> _REQUIRED ACTION_: Take the entries below and print, exactly, the stretch from the line containing "Used 2015 Jeep" through the line containing "Building Photo - 17 Beechwood Ave", both included.

> _INPUT DATA_:
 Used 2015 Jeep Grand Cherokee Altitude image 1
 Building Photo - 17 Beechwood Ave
...
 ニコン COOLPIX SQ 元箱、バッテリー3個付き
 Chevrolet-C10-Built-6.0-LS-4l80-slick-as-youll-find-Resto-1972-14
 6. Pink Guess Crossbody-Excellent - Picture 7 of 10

> _PROBLEM SOLUTION_:
 Used 2015 Jeep Grand Cherokee Altitude image 1
 Building Photo - 17 Beechwood Ave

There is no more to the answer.